Die IEA führt diese Entwicklung auf die niedrigeren Kosten für chinesische E-Autos zurück. Diese seien meist kleiner als jene von Herstellern aus anderen Ländern. »Neben den niedrigeren Produktionskosten hat dies dazu geführt, dass der Preisunterschied zu traditionellen Autos signifikant verkleinert wurde«, schreibt die IEA. So liege der mittlere Preis von Elektroautos in China lediglich zehn Prozent über dem von Autos mit Verbrennermotoren, in anderen großen Märkten seien es im Schnitt 45 bis 50 Prozent.

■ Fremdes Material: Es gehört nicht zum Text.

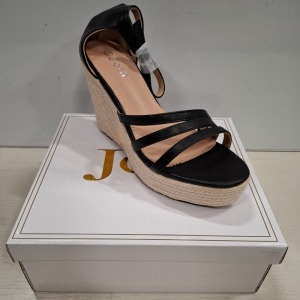26 X BRAND NEW JOIA BLACK WEDGED SANDALS IN SIZES 6-7-8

Hinzu kommt, dass China bei der Batterieproduktion weltweit führend ist. Mehr als die Hälfte der Verarbeitungs- und Raffinationskapazitäten für Lithium, Kobalt und Graphit befinden sich in China. So produziert das Land drei Viertel aller Lithium-IonenBatterien. Und dies könnte zu einem weiteren Preisvorteil werden. So ist Lithium, bisher essentiell bei der Produktion von Batterien, derzeit im Vergleich zu Anfang 2021 sieben Mal teurer. »Politische Entscheidungsträger, Führungskräfte aus der Industrie und Investoren müssen sehr wachsam und einfallsreich sein, um die Risiken von Versorgungsunterbrechungen zu verringern und eine nachhaltige Versorgung mit wichtigen Mineralien sicherzustellen«, so IEA-Chef Birol.
So könnten Chinas Autobauer nicht nur im globalen Süden die angestammten Konzerne mit ihrem Kostenvorteil ausstechen. Erste EModelle made in China gibt es mittlerweile auch hierzulande zu kaufen.